_BRIEF_: What do the lines say from the start of the entries through the one containing "混凝土结构裂缝是怎么回事,建筑工程混凝土表面裂缝处理方法"? Repeat them exactly.
[DATA TO PROCESS]
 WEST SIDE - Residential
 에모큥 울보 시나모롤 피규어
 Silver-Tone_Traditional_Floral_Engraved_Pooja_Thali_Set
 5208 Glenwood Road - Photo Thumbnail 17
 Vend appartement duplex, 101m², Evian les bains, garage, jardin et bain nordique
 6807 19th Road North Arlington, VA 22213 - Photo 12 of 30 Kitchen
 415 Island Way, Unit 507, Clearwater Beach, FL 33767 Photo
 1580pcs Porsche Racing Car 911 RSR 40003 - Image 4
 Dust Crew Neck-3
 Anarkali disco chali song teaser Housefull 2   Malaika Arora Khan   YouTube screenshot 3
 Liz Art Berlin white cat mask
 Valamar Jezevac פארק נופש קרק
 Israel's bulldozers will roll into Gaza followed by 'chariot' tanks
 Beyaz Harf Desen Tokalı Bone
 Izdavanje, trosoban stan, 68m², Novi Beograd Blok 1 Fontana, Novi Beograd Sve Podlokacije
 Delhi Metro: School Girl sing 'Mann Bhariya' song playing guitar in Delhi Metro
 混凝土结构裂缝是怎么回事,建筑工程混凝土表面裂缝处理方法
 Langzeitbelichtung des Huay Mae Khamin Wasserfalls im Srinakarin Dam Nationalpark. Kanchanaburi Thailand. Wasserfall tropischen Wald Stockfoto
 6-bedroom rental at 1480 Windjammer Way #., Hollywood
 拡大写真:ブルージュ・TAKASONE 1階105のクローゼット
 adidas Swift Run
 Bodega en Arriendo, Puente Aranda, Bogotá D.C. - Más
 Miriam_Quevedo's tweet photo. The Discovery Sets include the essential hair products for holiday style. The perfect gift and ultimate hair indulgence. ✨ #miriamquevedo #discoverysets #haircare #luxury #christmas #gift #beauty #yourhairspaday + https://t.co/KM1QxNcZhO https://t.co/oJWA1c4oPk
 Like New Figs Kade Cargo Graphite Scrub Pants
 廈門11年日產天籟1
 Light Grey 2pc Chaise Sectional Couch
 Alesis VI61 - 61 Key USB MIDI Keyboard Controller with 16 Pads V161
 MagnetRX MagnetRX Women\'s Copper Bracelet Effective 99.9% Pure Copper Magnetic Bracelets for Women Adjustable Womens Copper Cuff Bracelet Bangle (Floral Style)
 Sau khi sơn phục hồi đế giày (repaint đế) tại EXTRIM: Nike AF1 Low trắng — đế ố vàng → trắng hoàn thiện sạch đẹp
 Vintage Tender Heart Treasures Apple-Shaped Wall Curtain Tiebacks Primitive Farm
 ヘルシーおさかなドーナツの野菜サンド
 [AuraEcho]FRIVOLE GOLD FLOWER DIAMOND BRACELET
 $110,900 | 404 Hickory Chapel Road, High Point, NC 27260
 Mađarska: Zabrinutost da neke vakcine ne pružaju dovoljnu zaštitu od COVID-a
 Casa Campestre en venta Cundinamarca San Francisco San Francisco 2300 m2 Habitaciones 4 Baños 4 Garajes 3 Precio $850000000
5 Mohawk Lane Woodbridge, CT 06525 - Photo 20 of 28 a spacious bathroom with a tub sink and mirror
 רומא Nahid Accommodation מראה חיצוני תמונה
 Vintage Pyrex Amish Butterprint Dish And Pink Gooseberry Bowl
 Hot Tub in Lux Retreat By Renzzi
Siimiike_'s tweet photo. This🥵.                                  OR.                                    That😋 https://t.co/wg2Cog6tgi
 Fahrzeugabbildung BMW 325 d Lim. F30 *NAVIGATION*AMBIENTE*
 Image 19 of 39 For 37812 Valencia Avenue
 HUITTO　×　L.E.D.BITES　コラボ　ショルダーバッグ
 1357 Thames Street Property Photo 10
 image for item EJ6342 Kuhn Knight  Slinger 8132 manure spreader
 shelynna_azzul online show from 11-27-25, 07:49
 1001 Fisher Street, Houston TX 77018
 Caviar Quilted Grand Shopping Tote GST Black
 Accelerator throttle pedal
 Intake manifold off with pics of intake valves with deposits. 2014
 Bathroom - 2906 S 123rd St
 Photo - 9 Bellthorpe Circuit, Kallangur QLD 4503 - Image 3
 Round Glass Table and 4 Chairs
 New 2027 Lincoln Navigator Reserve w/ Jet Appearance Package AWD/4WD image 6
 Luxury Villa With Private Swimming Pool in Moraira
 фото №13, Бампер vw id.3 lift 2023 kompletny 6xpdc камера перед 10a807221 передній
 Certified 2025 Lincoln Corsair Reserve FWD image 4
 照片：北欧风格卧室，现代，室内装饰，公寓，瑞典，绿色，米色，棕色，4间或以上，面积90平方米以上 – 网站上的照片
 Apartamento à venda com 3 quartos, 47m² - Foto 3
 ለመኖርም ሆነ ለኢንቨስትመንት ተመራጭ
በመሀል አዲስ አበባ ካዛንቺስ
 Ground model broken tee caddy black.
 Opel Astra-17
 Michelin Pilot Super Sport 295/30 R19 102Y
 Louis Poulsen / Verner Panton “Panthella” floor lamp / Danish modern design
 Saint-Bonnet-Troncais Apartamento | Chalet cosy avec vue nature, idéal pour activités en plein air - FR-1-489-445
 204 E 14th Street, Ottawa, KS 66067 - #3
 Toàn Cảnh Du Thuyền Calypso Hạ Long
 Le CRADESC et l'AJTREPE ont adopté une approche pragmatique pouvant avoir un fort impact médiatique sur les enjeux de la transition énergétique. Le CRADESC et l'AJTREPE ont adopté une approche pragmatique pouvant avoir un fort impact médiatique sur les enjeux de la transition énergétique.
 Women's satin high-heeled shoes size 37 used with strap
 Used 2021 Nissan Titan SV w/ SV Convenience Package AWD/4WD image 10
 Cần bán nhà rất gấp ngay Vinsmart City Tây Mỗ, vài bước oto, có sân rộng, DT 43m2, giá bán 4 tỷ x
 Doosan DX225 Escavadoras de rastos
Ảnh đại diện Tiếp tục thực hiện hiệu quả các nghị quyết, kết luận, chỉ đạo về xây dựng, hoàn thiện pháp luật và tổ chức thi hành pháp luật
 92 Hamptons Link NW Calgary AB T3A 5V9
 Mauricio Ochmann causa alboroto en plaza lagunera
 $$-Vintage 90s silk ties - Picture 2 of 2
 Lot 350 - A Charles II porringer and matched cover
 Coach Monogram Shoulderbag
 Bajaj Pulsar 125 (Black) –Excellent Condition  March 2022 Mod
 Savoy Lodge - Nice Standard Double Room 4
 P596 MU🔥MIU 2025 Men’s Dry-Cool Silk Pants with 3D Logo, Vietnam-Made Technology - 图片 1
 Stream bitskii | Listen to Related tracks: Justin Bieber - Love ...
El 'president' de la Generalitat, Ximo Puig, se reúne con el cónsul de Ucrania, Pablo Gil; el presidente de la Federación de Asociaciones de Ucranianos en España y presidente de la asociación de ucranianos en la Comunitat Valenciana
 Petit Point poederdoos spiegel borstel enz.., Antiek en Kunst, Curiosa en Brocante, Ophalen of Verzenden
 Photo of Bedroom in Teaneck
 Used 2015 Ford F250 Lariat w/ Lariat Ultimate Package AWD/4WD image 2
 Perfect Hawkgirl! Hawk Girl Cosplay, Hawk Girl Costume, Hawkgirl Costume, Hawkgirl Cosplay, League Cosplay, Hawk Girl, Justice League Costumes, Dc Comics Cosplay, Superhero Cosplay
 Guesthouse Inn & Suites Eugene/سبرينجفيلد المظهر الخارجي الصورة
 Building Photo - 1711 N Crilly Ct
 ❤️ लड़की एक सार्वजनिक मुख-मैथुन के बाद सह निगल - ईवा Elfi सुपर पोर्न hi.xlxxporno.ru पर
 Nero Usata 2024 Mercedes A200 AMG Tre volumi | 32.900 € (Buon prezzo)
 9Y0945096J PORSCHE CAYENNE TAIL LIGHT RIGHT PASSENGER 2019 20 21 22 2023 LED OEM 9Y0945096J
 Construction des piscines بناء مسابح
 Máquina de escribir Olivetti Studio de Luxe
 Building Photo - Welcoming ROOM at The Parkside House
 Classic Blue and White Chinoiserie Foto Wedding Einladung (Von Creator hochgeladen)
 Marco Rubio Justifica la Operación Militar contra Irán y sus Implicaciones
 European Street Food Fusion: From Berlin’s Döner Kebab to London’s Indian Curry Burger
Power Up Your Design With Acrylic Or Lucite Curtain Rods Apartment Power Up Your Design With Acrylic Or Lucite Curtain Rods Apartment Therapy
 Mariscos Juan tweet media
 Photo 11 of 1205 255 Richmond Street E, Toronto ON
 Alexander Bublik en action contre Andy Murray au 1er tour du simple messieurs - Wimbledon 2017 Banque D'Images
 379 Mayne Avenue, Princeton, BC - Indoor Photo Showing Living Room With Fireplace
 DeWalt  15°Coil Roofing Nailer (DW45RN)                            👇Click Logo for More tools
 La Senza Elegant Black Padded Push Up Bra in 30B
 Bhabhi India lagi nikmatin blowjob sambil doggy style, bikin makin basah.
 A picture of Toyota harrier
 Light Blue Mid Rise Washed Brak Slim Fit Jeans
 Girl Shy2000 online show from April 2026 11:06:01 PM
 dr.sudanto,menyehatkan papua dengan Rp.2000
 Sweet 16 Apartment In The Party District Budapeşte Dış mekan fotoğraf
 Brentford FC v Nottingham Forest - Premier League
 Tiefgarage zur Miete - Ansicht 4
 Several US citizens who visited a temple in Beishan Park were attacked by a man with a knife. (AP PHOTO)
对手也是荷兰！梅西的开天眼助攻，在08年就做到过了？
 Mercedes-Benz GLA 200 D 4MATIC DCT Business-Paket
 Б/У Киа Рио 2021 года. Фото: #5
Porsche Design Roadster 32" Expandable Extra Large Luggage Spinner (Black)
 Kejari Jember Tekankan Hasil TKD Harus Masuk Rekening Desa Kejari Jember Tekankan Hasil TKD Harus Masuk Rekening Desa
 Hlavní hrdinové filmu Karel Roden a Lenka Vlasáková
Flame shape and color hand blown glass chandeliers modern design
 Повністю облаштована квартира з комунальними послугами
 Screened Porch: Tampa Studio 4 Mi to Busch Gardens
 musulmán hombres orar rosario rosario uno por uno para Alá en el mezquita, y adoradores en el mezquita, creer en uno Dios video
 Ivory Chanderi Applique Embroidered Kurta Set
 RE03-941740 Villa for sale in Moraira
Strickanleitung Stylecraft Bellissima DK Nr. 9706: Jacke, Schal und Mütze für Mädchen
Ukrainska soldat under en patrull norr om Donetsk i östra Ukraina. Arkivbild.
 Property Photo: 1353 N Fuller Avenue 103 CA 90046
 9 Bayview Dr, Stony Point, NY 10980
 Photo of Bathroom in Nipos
[/DATA TO PROCESS]
_ANSWER BOX_:
 WEST SIDE - Residential
 에모큥 울보 시나모롤 피규어
 Silver-Tone_Traditional_Floral_Engraved_Pooja_Thali_Set
 5208 Glenwood Road - Photo Thumbnail 17
 Vend appartement duplex, 101m², Evian les bains, garage, jardin et bain nordique
 6807 19th Road North Arlington, VA 22213 - Photo 12 of 30 Kitchen
 415 Island Way, Unit 507, Clearwater Beach, FL 33767 Photo
 1580pcs Porsche Racing Car 911 RSR 40003 - Image 4
 Dust Crew Neck-3
 Anarkali disco chali song teaser Housefull 2   Malaika Arora Khan   YouTube screenshot 3
 Liz Art Berlin white cat mask
 Valamar Jezevac פארק נופש קרק
 Israel's bulldozers will roll into Gaza followed by 'chariot' tanks
 Beyaz Harf Desen Tokalı Bone
 Izdavanje, trosoban stan, 68m², Novi Beograd Blok 1 Fontana, Novi Beograd Sve Podlokacije
 Delhi Metro: School Girl sing 'Mann Bhariya' song playing guitar in Delhi Metro
 混凝土结构裂缝是怎么回事,建筑工程混凝土表面裂缝处理方法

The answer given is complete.